I am using the words from the BROWN corpus. It is already loaded in NLTK package. 

In [0]:
word_freq = nltk.FreqDist(words)

Now I have created a frequency distribution of words. Lets see how many times the word "The" and "is" are used in the corpus

In [87]:
print(word_freq['The'])
print(word_freq['is'])

806
732


We know that the words "The" and the word "the" are same, but the machine treats both the words separately.

In [88]:
print(word_freq['The'])
print(word_freq['the'])

806
5580


If we use the same frequency distribution in our model, it would not work properly since the words "The", "the", "THE" are all considered seperately even though semanticallyu they are same. So its important for us to make the machine understand the words are same and that can be done by converting all the words in one format. Lets convert all the words to lower case.


In [0]:
lower_words = [w.lower() for w in words ]

In [92]:
print(lower_words[:10])

['the', 'fulton', 'county', 'grand', 'jury', 'said', 'friday', 'an', 'investigation', 'of']

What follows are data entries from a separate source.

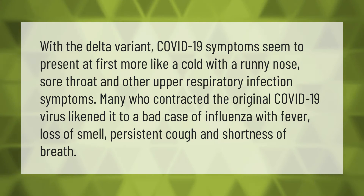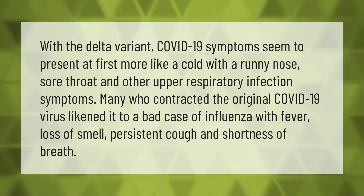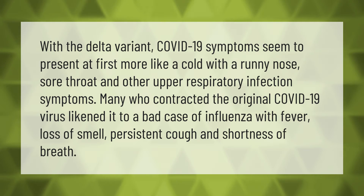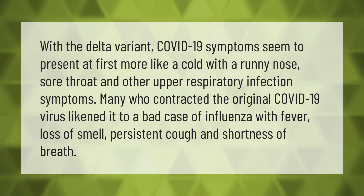With the Delta variant, COVID-19 symptoms seem to present at first more like a cold, with a runny nose, sore throat, and other upper respiratory infection symptoms. Many who contracted the original COVID-19 virus likened it to a bad case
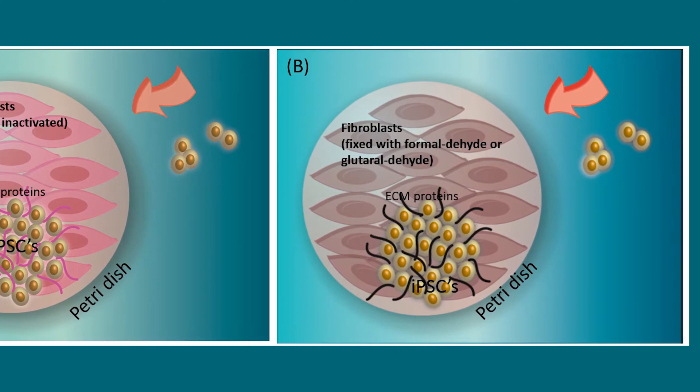The discovery offers a simpler, more cost-effective way to grow stem cells, including storing them at room temperature and spending less time cultivating them.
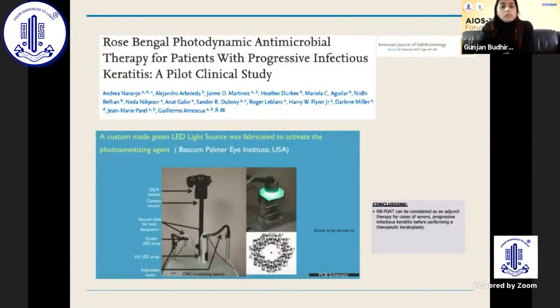Coming on to rose Bengal photodynamic antimicrobial therapy for patients with progressive infectious keratitis: this device uses a green LED and has been helpful as an adjunct treatment for infective keratitis patients, showing very good results.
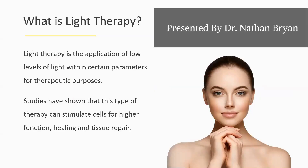So what is light therapy? It's the application of low levels of light within certain parameters for therapeutic purposes. Studies have shown that this type of therapy can stimulate cells for higher function, healing, and tissue repair. And the beauty of this is that it's non-invasive.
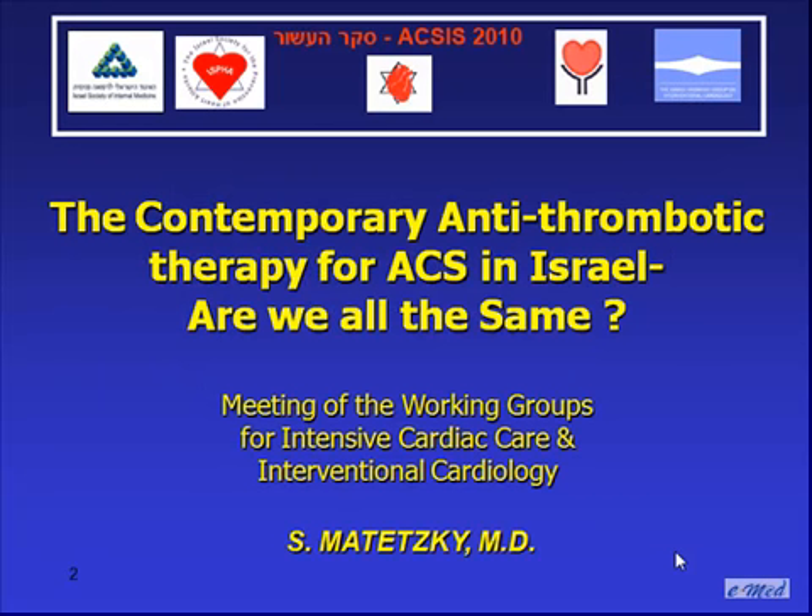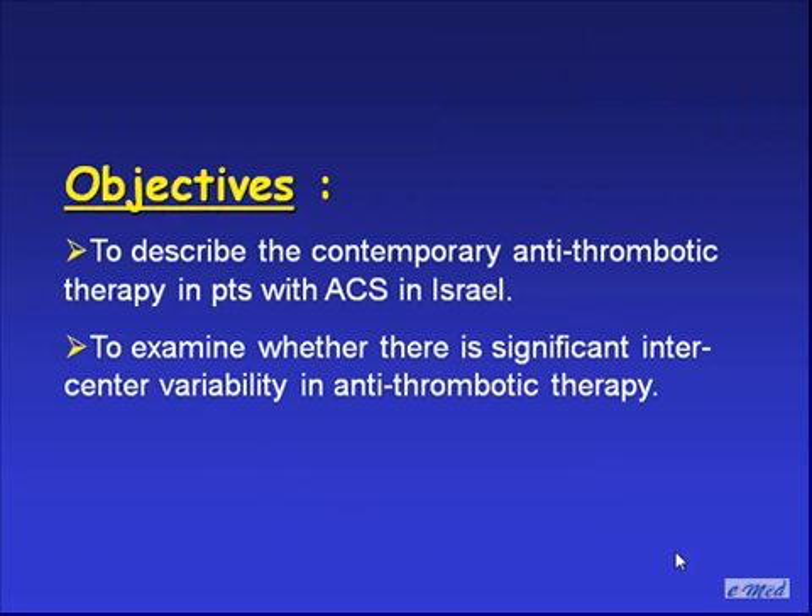I'll start with my short presentation from the AXIS. As suggested by the title of my lecture, my objective in the next 20 minutes or so is to try and clarify two issues. The first is to describe the contemporary antithrombotic therapy in patients with ACS in Israel. The second is to examine whether there is a significant inter-center variability in antithrombotic therapy.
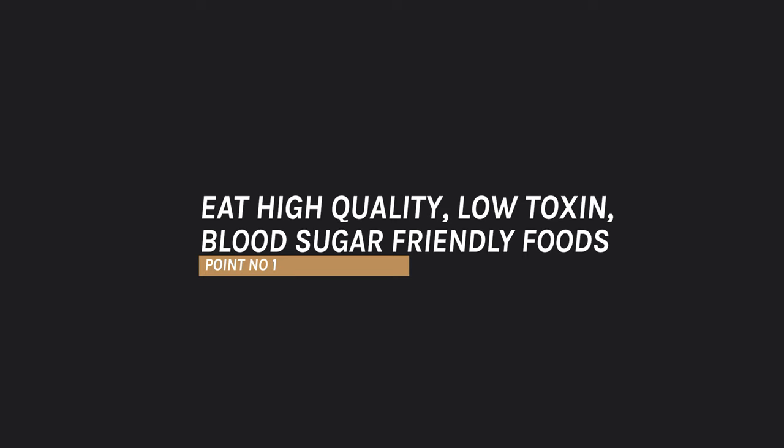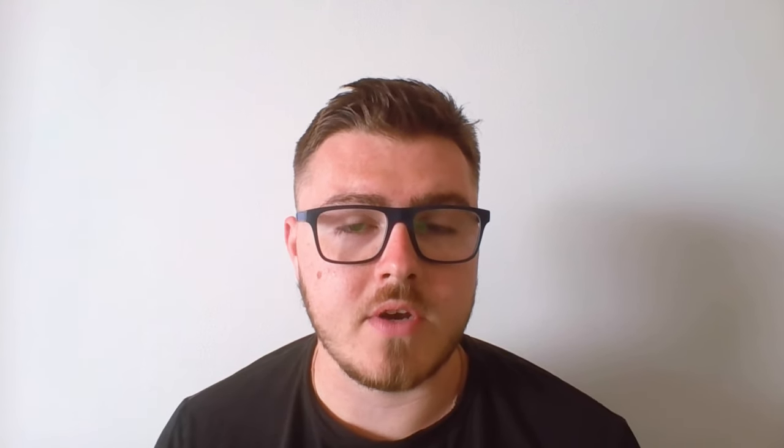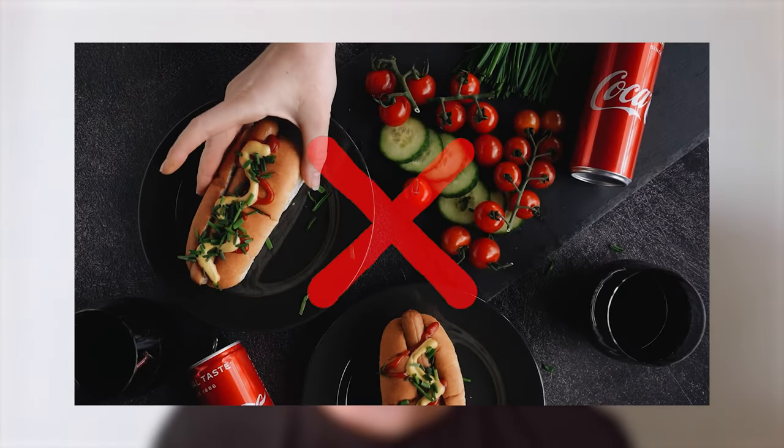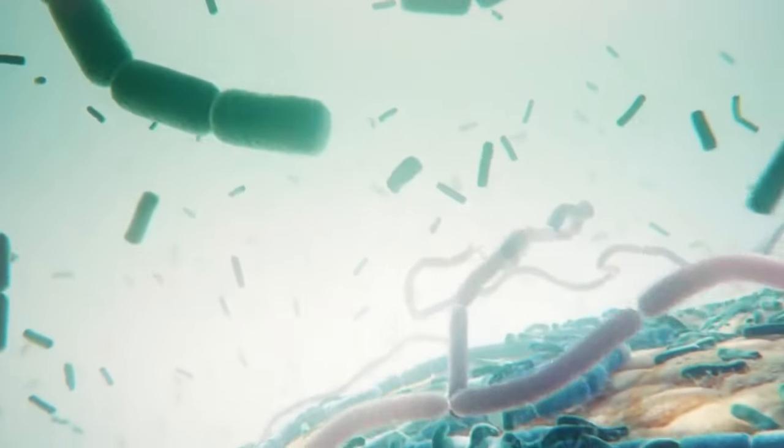The first point is to eat high quality, low toxin, blood sugar friendly foods. There is no one perfect diet to heal — everybody has their own healing diet. However, all healing diets have a couple of things in common. The first is that they are nutrient dense, meaning you're getting a very high quantity of nutrients in a relatively small portion. Practically, this looks like eating less processed foods. When we process foods we often take many of the nutrients out — things like bread, pasta, refined sugar are depleted of nutrients.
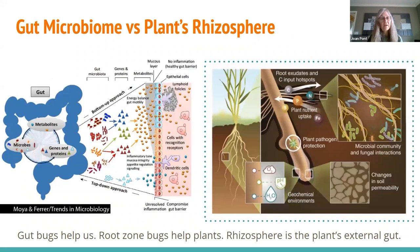People are probably familiar with the gut microbiome — the bacteria in our intestines that help us fend off disease, give us vitamin K and other nutrients, and metabolize food. Well, plants don't have a gut, so they have an external gut. We call that the rhizosphere — the atmosphere right around the roots. There are just as many organisms in that area helping the plant as our gut microbiome helps us. The gut bugs help us, and the root-zone bugs help the plants. It's like the external gut.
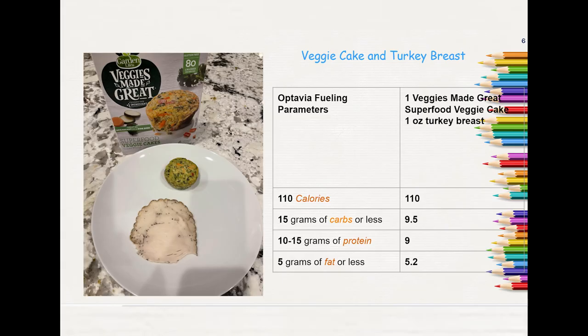And lastly, one Veggies Made Great superfood veggie cake — this is different from the one I showed you in a previous video, which was the same brand but the spinach egg white frittata. With this, I added one ounce of turkey breast. It came out to 110 calories, 9.5 grams of carbs, 9 grams of protein, and 5.2 grams of fat. I thought this was very tasty — I think I like the spinach one the best, but this was also very good. I hope all of you have a wonderful day, and until next time.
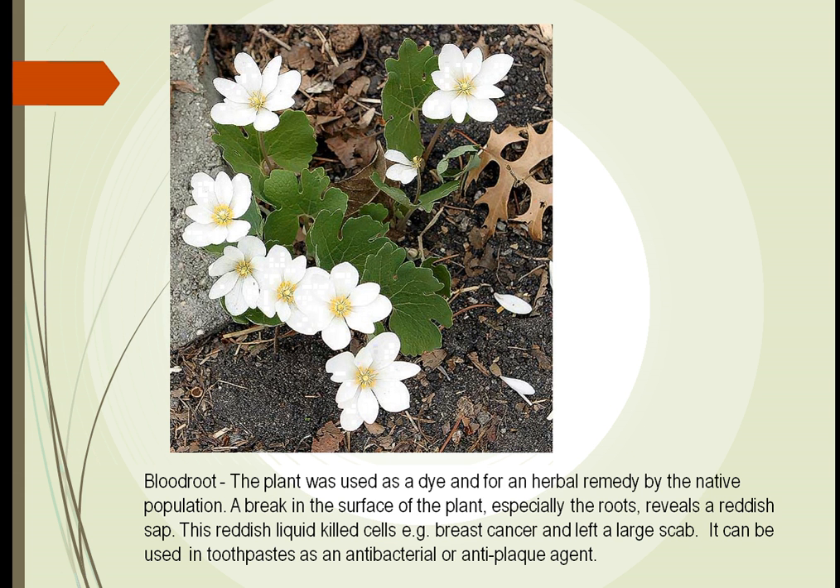Another one was the bloodroot. When people found this plant, they cut the root and it looked red, which appeared bloody to many people. So they tried it out on skin lesions, and it turned out to be very effective at controlling inflammation of skin lesions and also for the destruction of abnormal skin tumors. It was used first to treat breast cancer — it worked well and killed off the breast cancer it came in contact with. However, it was not good for treating the systemic parts of breast cancer. Today we use it as an antibacterial or anti-plaque agent.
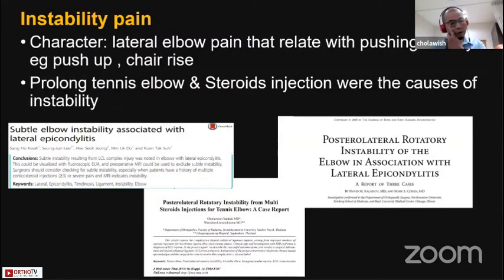Another cause is instability pain. Lateral elbow pain from instability will be related to pushing activities such as push-ups or chair rises. Prolonged tennis elbow treatment and steroid injection were causes of instability. There is much literature documenting this, and Professor Park also showed a paper on that. We also found many patients who had steroid injections and had ligament rupture.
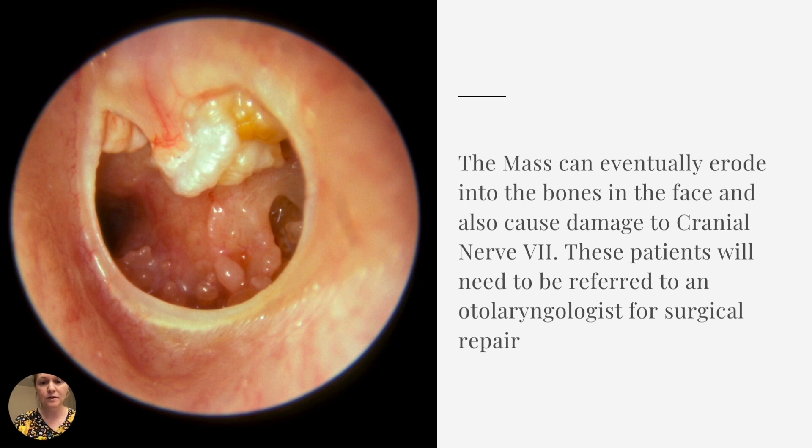The mass can eventually erode into the bones of the face and cause damage to cranial nerve seven. These patients will need to be referred to an otolaryngologist for surgical repair — that is the treatment for cholesteatoma.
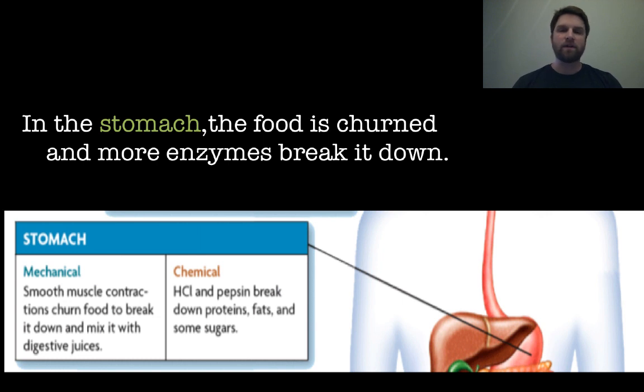While in the stomach, the food is going to be churned and mixed up, and more enzymes are used, including pepsin, which helps break down proteins, and HCl, which is hydrochloric acid. That is why the pH of the stomach is so low — that acid helps break things down. The mechanical portion is the smooth muscle contractions of the stomach that continually churn and move the food around.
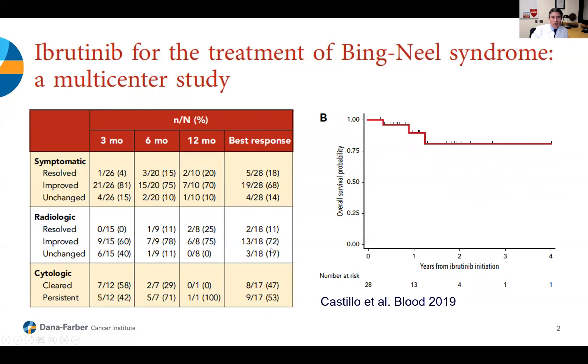At three months, the majority of patients had improvement in symptoms as well as the MRIs, with some improvement in spinal fluid burden of disease. At six months something very similar, and at 12 months an even higher proportion of patients were benefiting. Looking at the entire population of 28 patients, about 85% had either improvement or resolution of the symptoms that initially prompted the diagnosis, with ibrutinib single agent and no additional treatments. When we looked at MRIs, about 85% again had either resolution or improvement of the radiologic findings. However, only half of the patients had clearance of the spinal fluid. In a condition like Waldenstrom's Bing-Neel syndrome — which is not aggressive and is incurable — it is acceptable that the spinal fluid still has malignant cells, as long as the patient has improvement in symptoms and MRI findings.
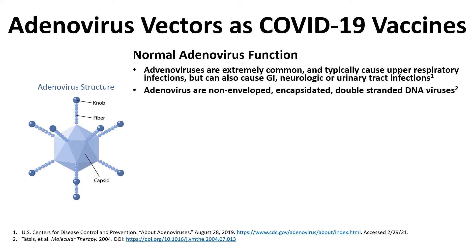Adenoviruses themselves are non-enveloped, meaning they do not have a phospholipid bilayer or membrane around them. They're encapsidated, meaning they have a protein capsid surrounding their core material where their genome as well as some core proteins are stored. They are double-stranded DNA viruses, and both strands of DNA are important — they code for different things — and we're going to be taking advantage of that in order to deliver a payload.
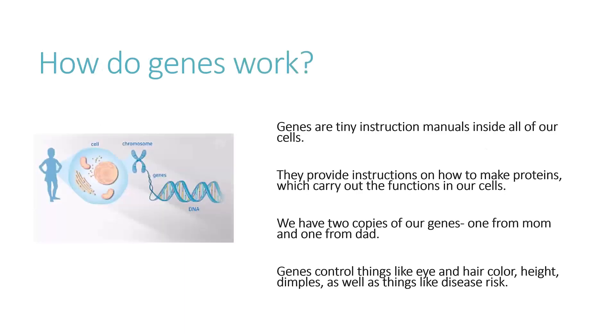So we'll start with: how do genes work? Genes are like tiny instruction manuals that are inside all of our cells. In the image on the left, you can see how DNA and nucleic acids are packed into chromosomes, and all of these are in each of our cells. Genes provide instructions on how to make proteins, which then carry out the function of our cells. We have two copies of each of our genes — one from mom and one from dad. Genes control everything from things like eye color, height, and dimples, as well as things like disease risk.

We saw above that all the words are converted to same format and Lets make Frequency distribution on these words now

In [0]:
word_freq = nltk.FreqDist(lower_words)

In [94]:
print(word_freq['The'])
print(word_freq['the'])

0
6386


Now we see that The words "The", "the", "THE" all are treated same by Machine and we are heading in right direction. Now lets convert these words to index. Here we saw above that the first 10 words are **'the', 'fulton', 'county', 'grand', 'jury', 'said', 'friday', 'an', 'investigation', 'of'** we want to convert these words into numbers [0,1,2,3,4,5,6,7,8,9]

In [0]:
word_2_index = [[j,i] for i,j in enumerate(word_freq)]

  

In [97]:
word_2_index[:10]

[['the', 0],
 ['fulton', 1],
 ['county', 2],
 ['grand', 3],
 ['jury', 4],
 ['said', 5],
 ['friday', 6],
 ['an', 7],
 ['investigation', 8],
 ['of', 9]]

Lets create dictionary of the word_2_index so that we can access it easily

In [0]:
w = dict(word_2_index)


In [100]:
print(w['the'], w['fulton'], w['county'], w['grand'])

0 1 2 3


Looking at the above output we can see that the words are converted to numbers. Now lets see how if I have a sentence, How is it converted into Numbers

In [102]:
sentence= 'which is the best place'
sentence= sentence.split()
vector = [w[l] for l in sentence]
print(sentence)
print(vector)

['which', 'is', 'the', 'best', 'place']
[33, 136, 0, 117, 23]


We arent done yet!!!!! When we are passing input to the Neural Network, it will undergo various multiplication operations and so we will convert all these words into ONE HOT VECTORS

In [0]:

one_hot_vector =[]
for i in w:
  a= np.zeros(13112)
  a[w[i]]=1
  one_hot_vector.append(a)

Lets see now how the sentence **this is the** is converted to one hot vector and can be fed into ML model for further modelling. 

In [106]:
s="this is the"
s= s.split()
X = [one_h_v[w[v]] for v in s]
X

[array([0., 0., 0., ..., 0., 0., 0.]),
 array([0., 0., 0., ..., 0., 0., 0.]),
 array([1., 0., 0., ..., 0., 0., 0.])]

In [0]:
index_2_word = [[i,j] for i,j in enumerate(word_freq)]
index_2_word = dict(index_2_word)

Now if we want to convert these one hot vectors into WORDS.Lets see how its done

In [116]:
for i in range(len(X)):
  print(index_2_word[np.argmax(X[i])])
 

this
is
the


What if we have the words that are not in Vocabulary??????? For that we can create UNKNOWN tag and add such words into that!